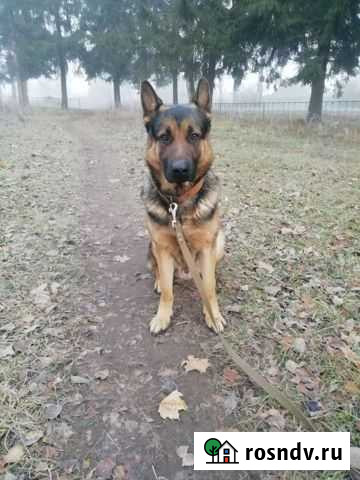 Собака для вязки Козельск - изображение 1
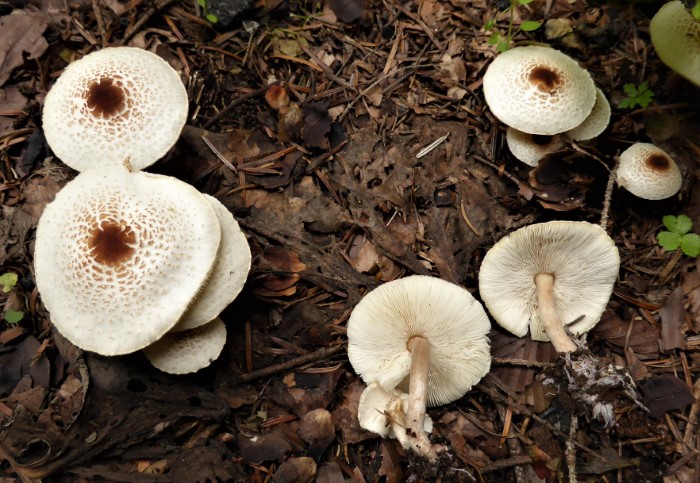 Lepiota cristata Stink Kamm Schirmling Agaricaceae kein Speisepilz Spraitbach Naturgarten Saprobiont Pilzschule Pilzkurse PSV DGfM Ausbildung Krieglsteiner Feldmykologe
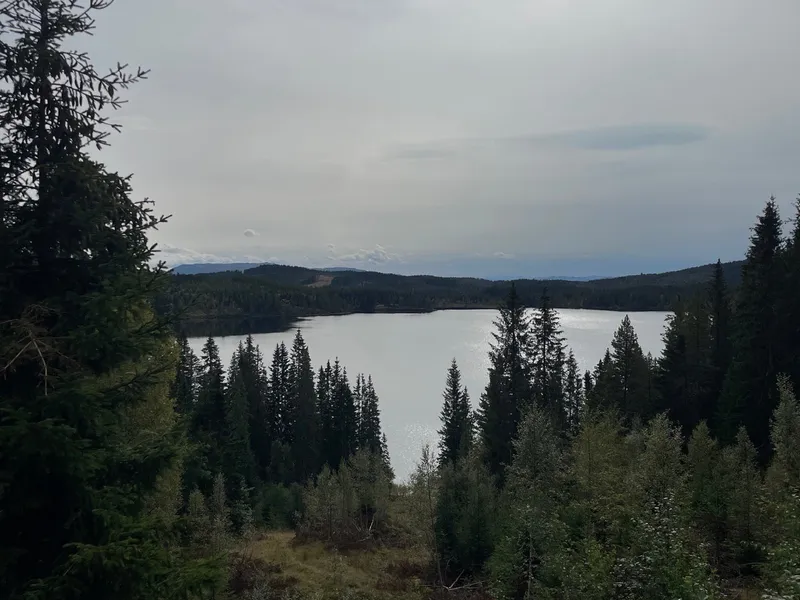 Photo from Grønlia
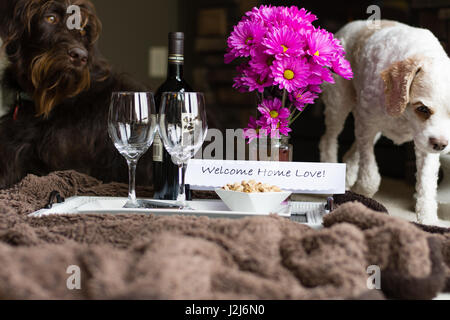 Ein Willkommensgeschenk nach Hause mit Wein und Snacks und der Hund der Familie. Stockfoto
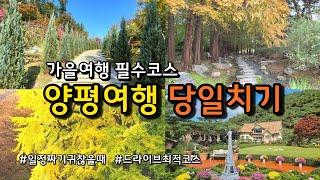 [가을여행] 양평 당일치기 드라이브코스 BEST6 /서울근교 여행추천/ 용문사 은행나무 세미원 칸트의마을 더그림 / 양평카페 양평맛집 /월간유리소리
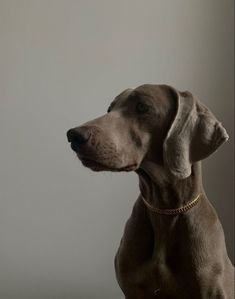 a brown dog sitting on top of a wooden floor next to a window with white walls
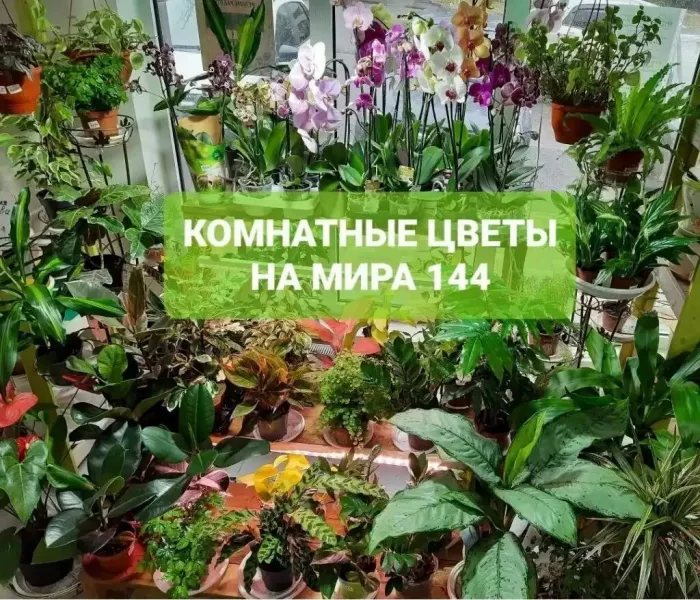 Магазин "Цветочная Поляна"
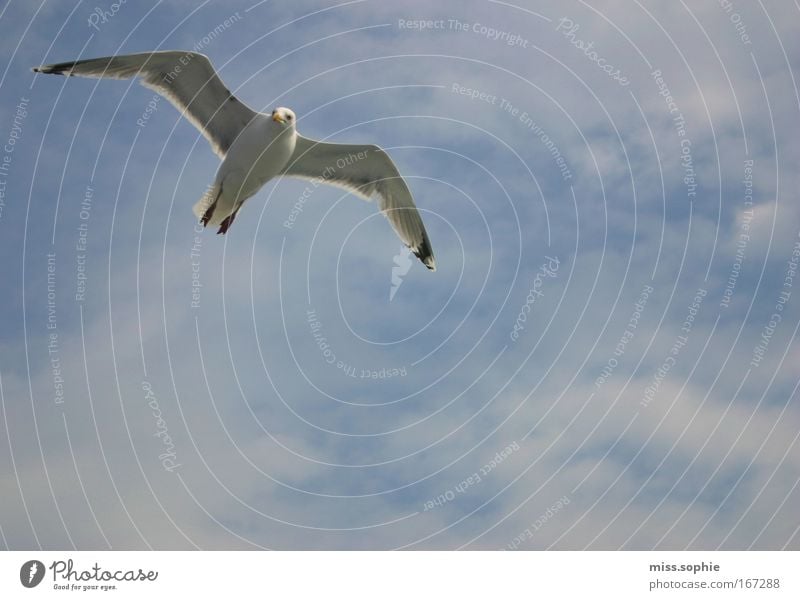 be free Nature Sky Clouds Animal Bird Wing Observe Flying Elegant Free Curiosity Blue Power Might Beautiful Arrogant High spirits Movement Freedom Peace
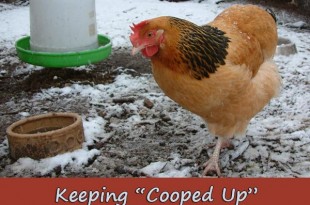 Keeping “Cooped Up” Chickens Warm in Winter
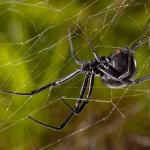 GW Researcher Explains How Seven Spiders Spin Webs of Entrapment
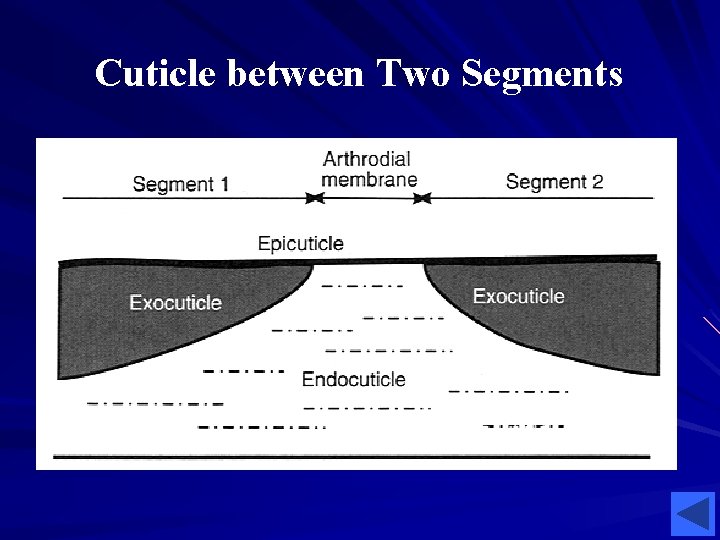Cuticle between Two Segments Cuticle between Two Segments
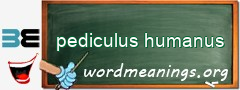 WordMeaning blackboard for pediculus humanus
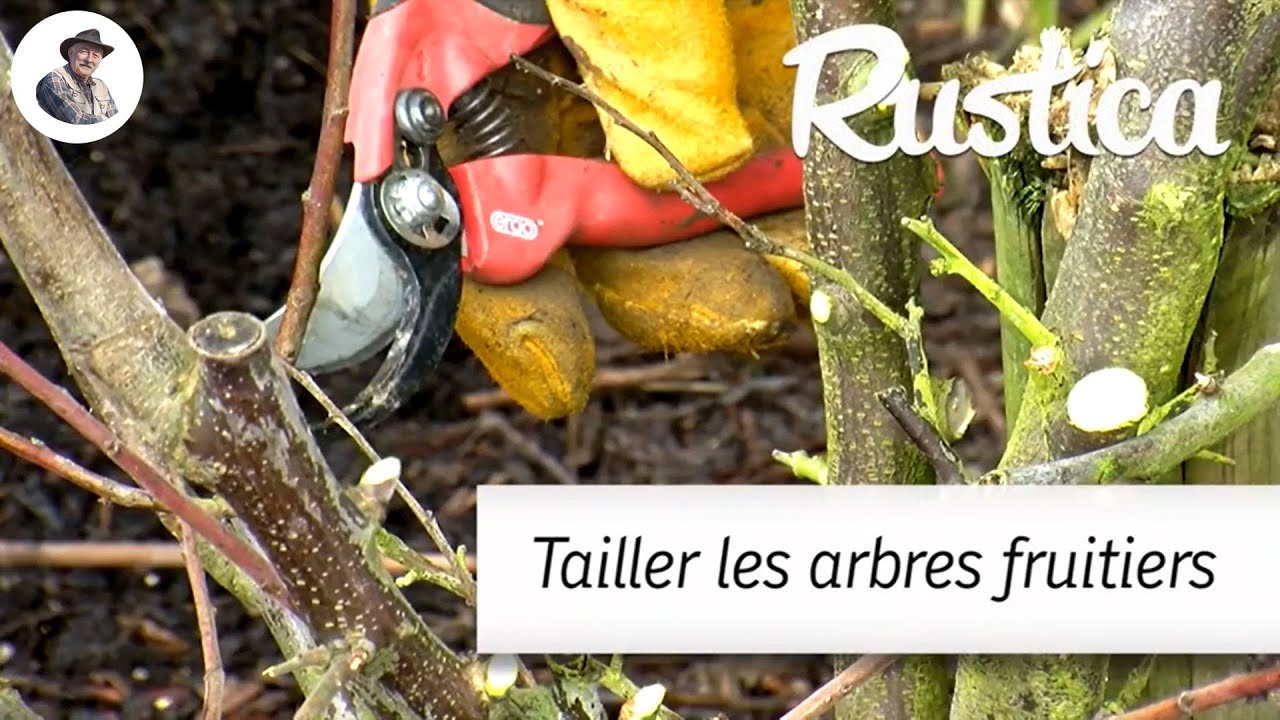 La taille des arbres fruitiers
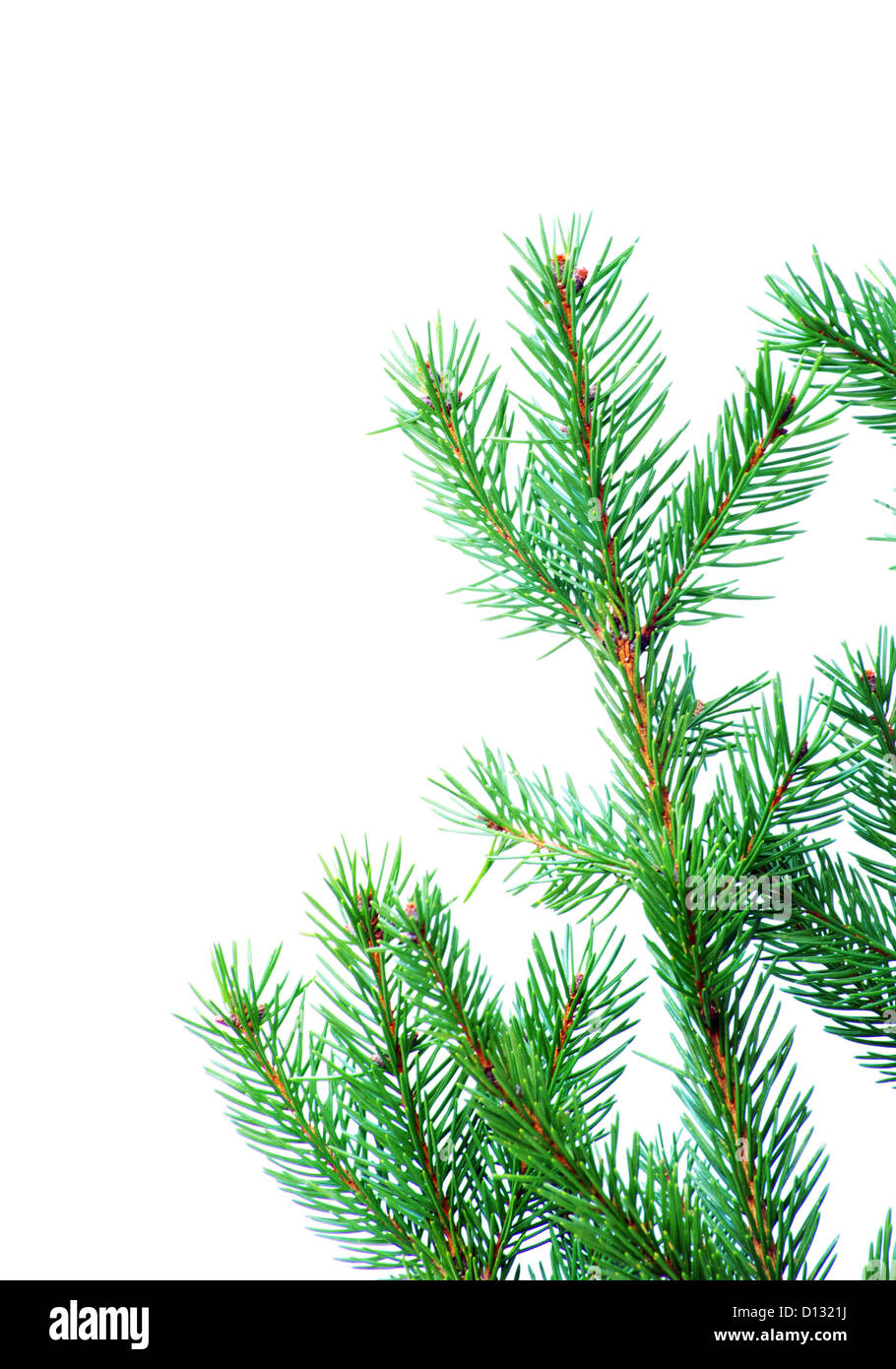 fir tree branches christmas decoration on white Stock Photo - Alamy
____________________
Pictures in the records above are left out; print everything else exactly as written.

 Собака для вязки Козельск - изображение 1
 Lepiota cristata Stink Kamm Schirmling Agaricaceae kein Speisepilz Spraitbach Naturgarten Saprobiont Pilzschule Pilzkurse PSV DGfM Ausbildung Krieglsteiner Feldmykologe
 Photo from Grønlia
 Ein Willkommensgeschenk nach Hause mit Wein und Snacks und der Hund der Familie. Stockfoto
 [가을여행] 양평 당일치기 드라이브코스 BEST6 /서울근교 여행추천/ 용문사 은행나무 세미원 칸트의마을 더그림 / 양평카페 양평맛집 /월간유리소리
 a brown dog sitting on top of a wooden floor next to a window with white walls
 Магазин "Цветочная Поляна"
 be free Nature Sky Clouds Animal Bird Wing Observe Flying Elegant Free Curiosity Blue Power Might Beautiful Arrogant High spirits Movement Freedom Peace
 Keeping “Cooped Up” Chickens Warm in Winter
 GW Researcher Explains How Seven Spiders Spin Webs of Entrapment
Cuticle between Two Segments Cuticle between Two Segments
 WordMeaning blackboard for pediculus humanus
 La taille des arbres fruitiers
 fir tree branches christmas decoration on white Stock Photo - Alamy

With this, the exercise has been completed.